§ **What is required**: Each entry that follows should be set down precisely, with its pictures removed.

──────── Available records ────────

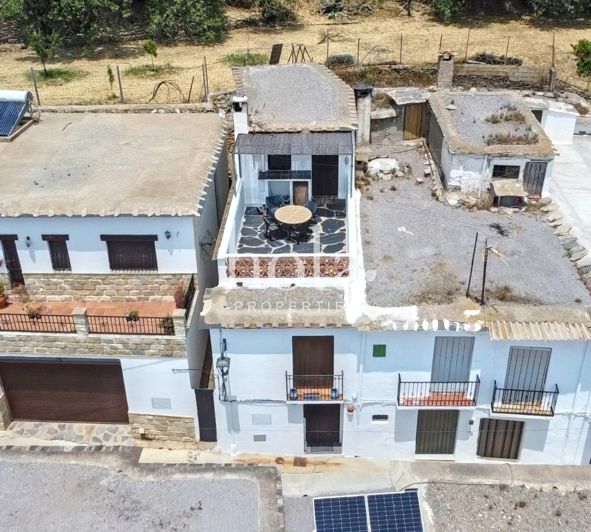 Image No.14-Maison de ville de 2 chambres à vendre à Espagne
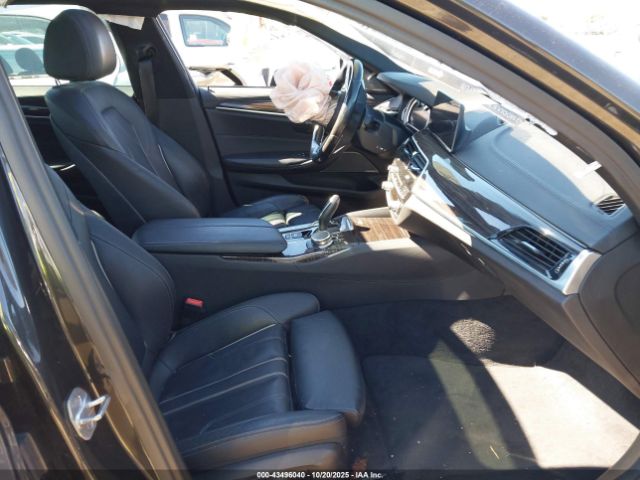 2017 BMW 540I WBAJE5C36HG914908 Photo 4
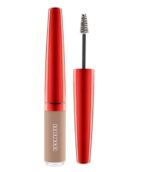 ⁦BrowKiki Tinted Nourishing Brow Gel ONE/SIZE⁩ - الصورة ⁦7⁩
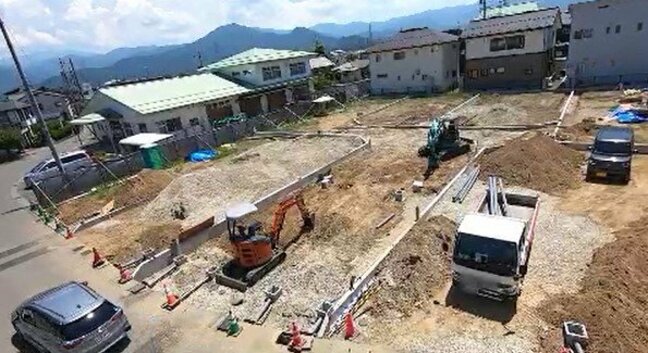 「子どもの声がうるさい」との苦情きっかけに公園が廃止された問題「長野市の検証は不十分」市民グループが独自の報告書提出へ|TBS NEWS DIG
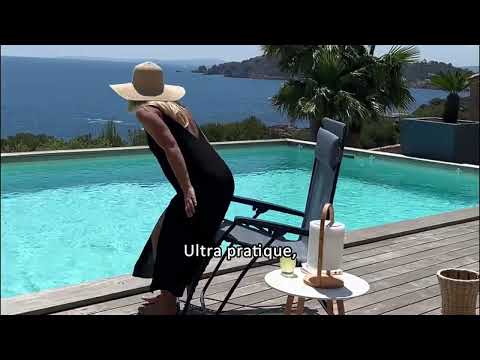 Relax - LAFUMA MOBILIER 2024 - FR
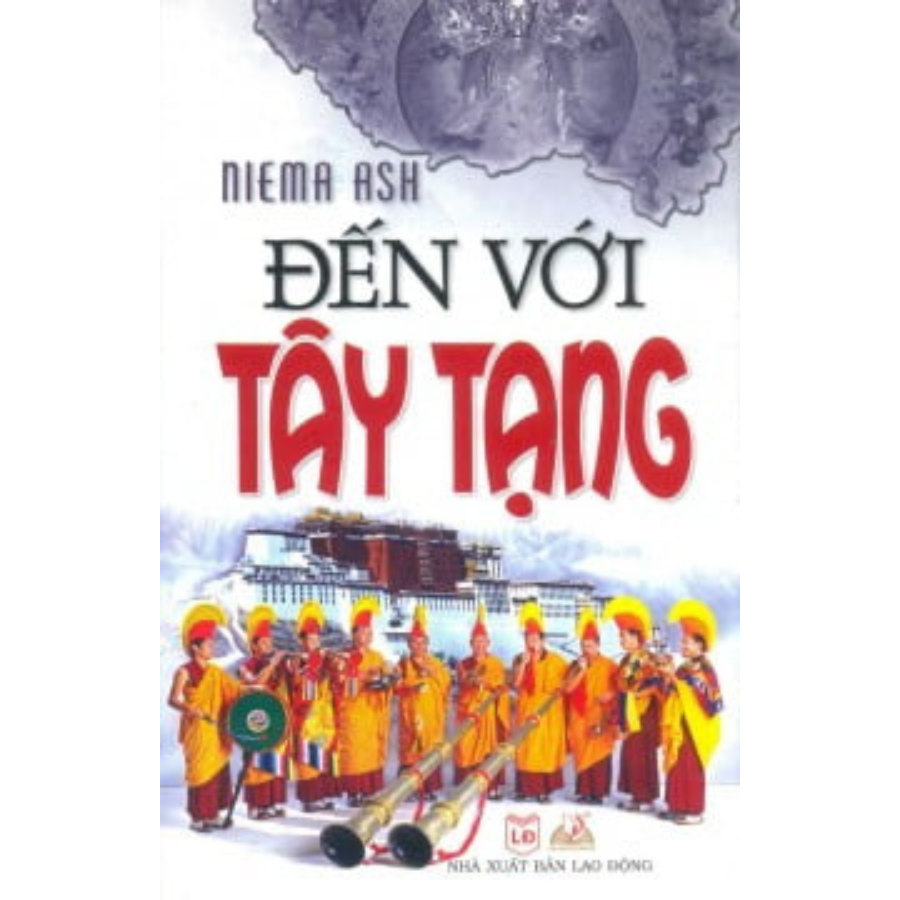 Sách Đến Với Tây Tạng - Vanlangbooks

────────

§ **Result of this exercise**:
 Image No.14-Maison de ville de 2 chambres à vendre à Espagne
 2017 BMW 540I WBAJE5C36HG914908 Photo 4
 ⁦BrowKiki Tinted Nourishing Brow Gel ONE/SIZE⁩ - الصورة ⁦7⁩
 「子どもの声がうるさい」との苦情きっかけに公園が廃止された問題「長野市の検証は不十分」市民グループが独自の報告書提出へ|TBS NEWS DIG
 Relax - LAFUMA MOBILIER 2024 - FR
 Sách Đến Với Tây Tạng - Vanlangbooks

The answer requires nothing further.